Datapower will connect to Db2 for z/OS through DDF using a number of pooled connections. Datapower will round-robin these connections to fetch information whenever one of its webservices is called.
Conventionally, you would distinguish based on CorrelationID, ApplicationName, or in a worst case, the location of the thread. Unfortunately, the Datapower webservices modules aren’t programmed to set the CorrelationID to something that would allow us to differentiate between the different services. In essence, this anonymizes the connections. This has posed problems when trying to determine the source of degradation or unavailability of individual Datapower services. The following image shows a number of threads originating from Datapower, with no way of distinguishing which thread correlates to which service.

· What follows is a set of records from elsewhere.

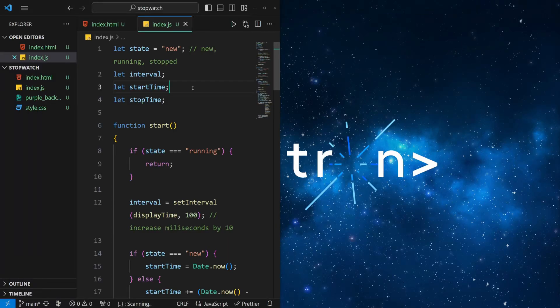Hey there, I just want to quickly showcase a new feature that came with the November 2023 release, which is floating editor windows.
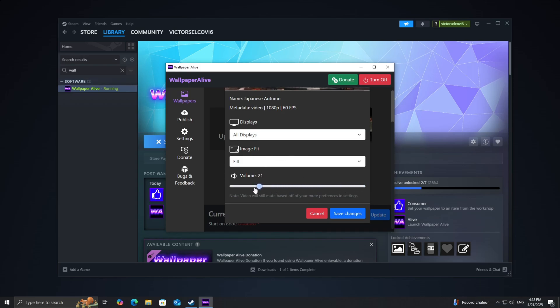Here, you'll have a few options to tweak: Display Selection—choose which monitor you want to apply the wallpaper to if you have multiple displays; Fit Mode—adjust how the wallpaper fits on your screen with options like stretch, center, or fill; and Volume Settings—if the wallpaper includes sound, you can adjust the volume level to your preference.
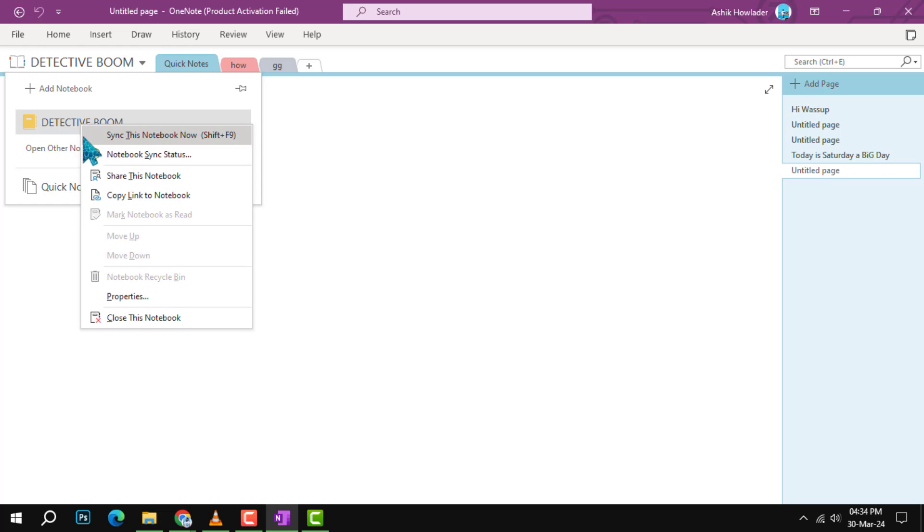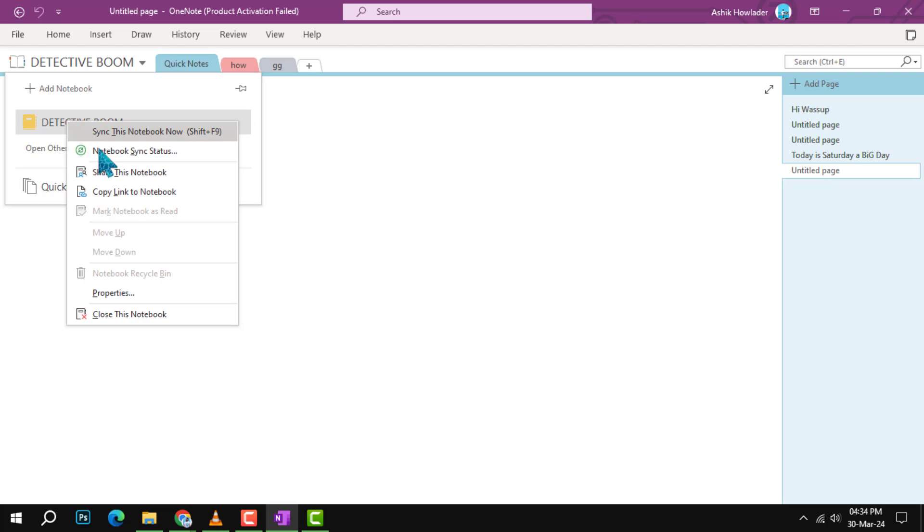Step 3. Rename the notebook. Right click on the notebook you wish to rename. From the context menu, select properties.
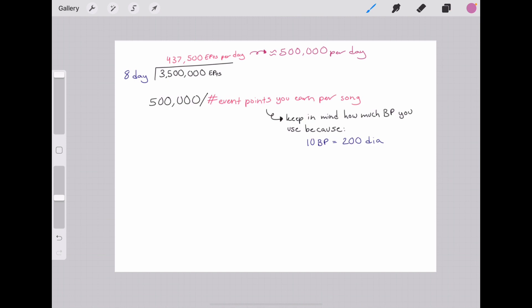Next, you divide your daily goal or per-day number by the number of event points you earn per song or battle. Ensemble Stars uses BP to earn event points and you need to keep track of how many BP you use when you get your number of points per song. People have also asked me how much BP they should use.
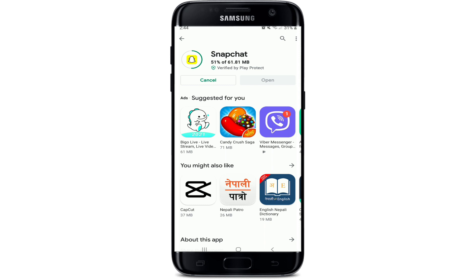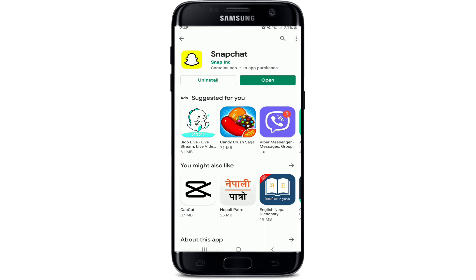Snapchat is an American multimedia messaging app developed by Snap Inc. You can take photos or video, add a caption, and send your snaps to your best friends and family. You can express yourself with filters, lenses, bitmojis, and all kinds of fun effects on Snapchat. Wait for it to install on your device after the download is done.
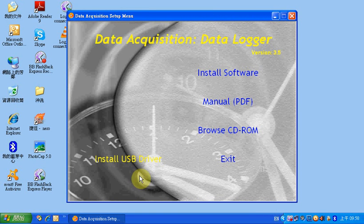This video shows you how to connect an AC data logger to a PC and set up a new login. Before the setup, please make sure you have plugged the cable onto the data logger and your computer.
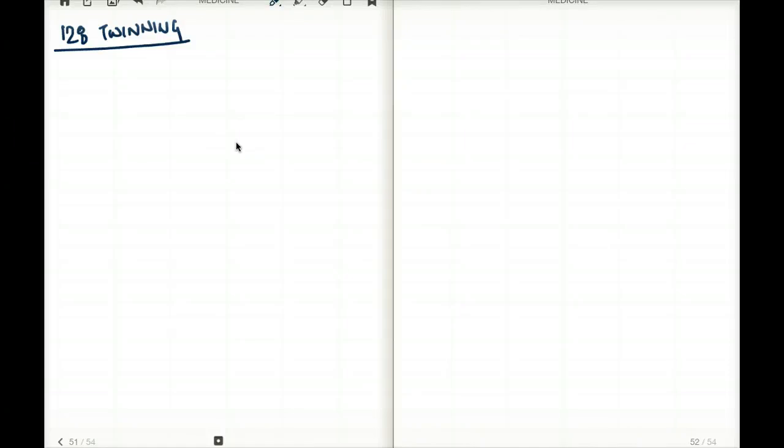This is a requested video from page 128, 1st day, 2012. So if you want to follow along with me, please feel free to do so. We are going to be talking about twins and how twins form.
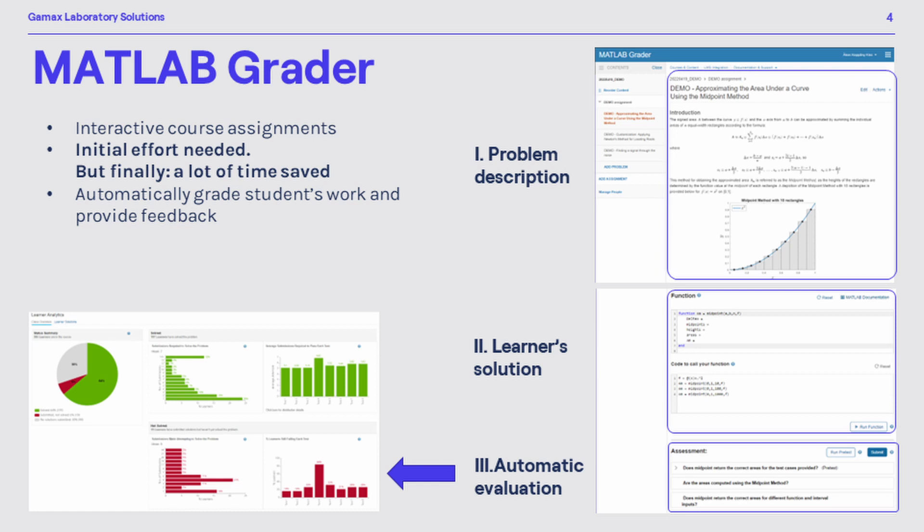Of course, an initial effort is needed when putting together assessments in grader. However, again, a lot of time will be saved at the end in return.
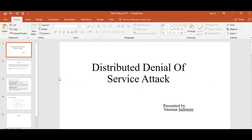Hi guys, I'm going to discuss with you all about the distributed denial of service attacks, its types, and also I'm going to show a demo and provide some tools to prevent the DDoS attack in network as well as in the cloud.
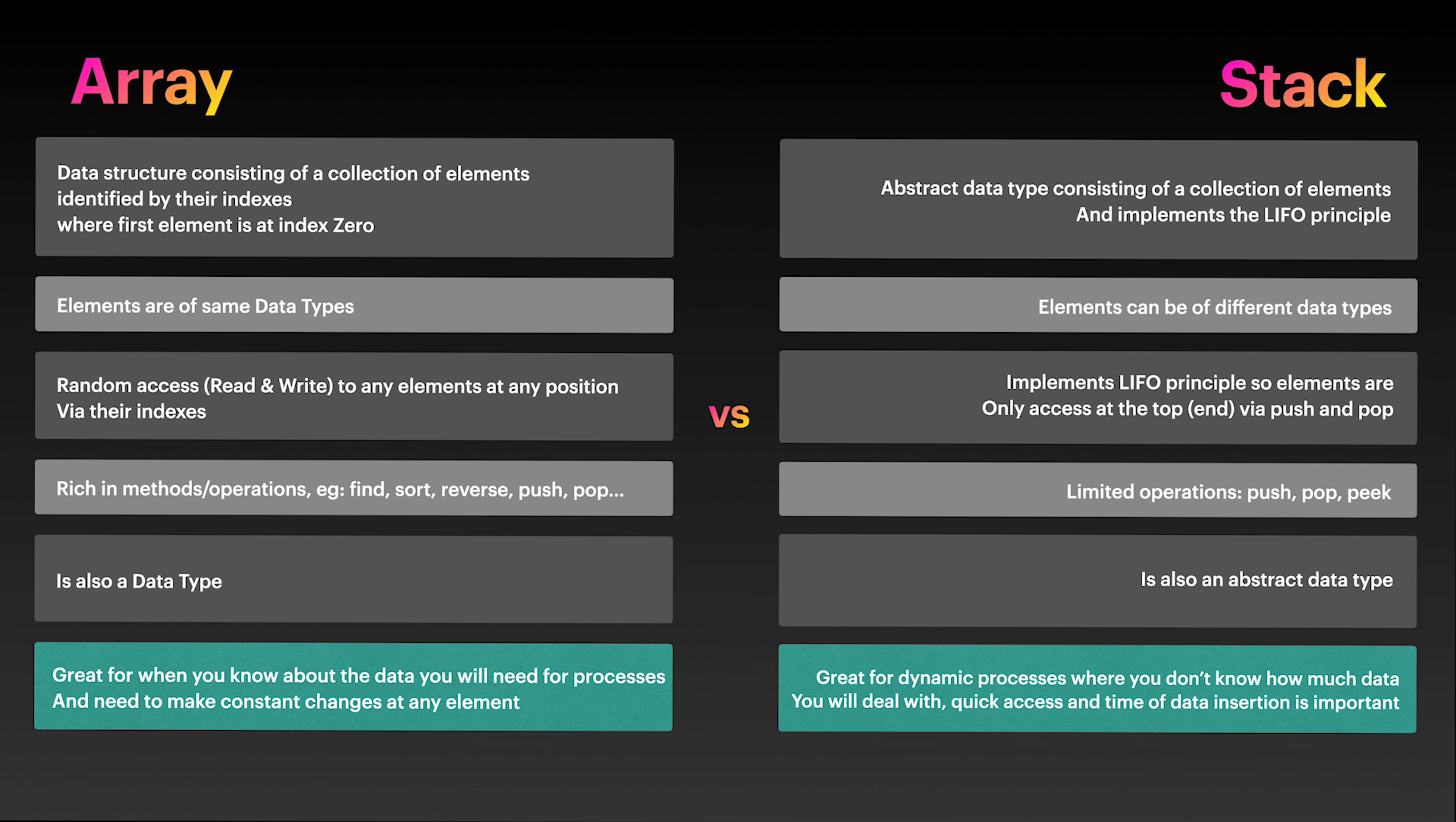Stack main operations are pop and push. We will also add peek, clear, print and an option to set max size. What makes a stack a stack is the principle it implements. It's operations and values and that's why it is an abstract data type.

But we are in luck. An architectural decision that might spark some controversy exists at our shop: DDF applications may only call stored procedures. The degree of how much business logic exists in the application or in the stored procedure varies from application to application. This decision was made to ensure all SQL is statically bound, but that is outside the scope. Each application, and thus also Datapower webservices, will have one “entry-point” stored procedure, which may call other stored procedures to perform certain functions.
This now allows us to filter our threads by package that was executed, in this case, the “entry-point” package of a certain service, effectively giving us the ability to isolate individual Datapower services that require data from Db2. The only problem that remains is that the textual table-based view of this data is very hard to interpret by humans. Is a service getting called more or fewer times per second than usual? Is the average consumed CPU time higher or lower, the amount of time the thread was active, wait times, getpages? A visual representation would make this easier, and while vendor products allow this, I’m using ours wrong.
A solution
A solution would consist of the following items:
- - A way to gather when a thread runs that executes a specific package, preferably in real-time.
- - A way to gather information about that execution, such as SQL counts, CPU-time, elapsed time, wait times, etc.
- - A way to persist that information.
- - A way to display that information graphically.
The last two items are relatively simple. We can just use Db2 to persist this information, and use a (publicly available) plugin for Grafana that I made a few years ago to fetch that information from Db2 and display it as nicely colored graphs.
The first two items are not as simple, but certainly doable. The good people developing Db2 for z/OS have incorporated what is called the Instrumentation Facility Component, more commonly known as the Tracing Facility into Db2, and with it the Instrumentation Facility Interface. Functionality that is often hidden behind vendor interfaces in other products, is available to mere Db2 database administrators.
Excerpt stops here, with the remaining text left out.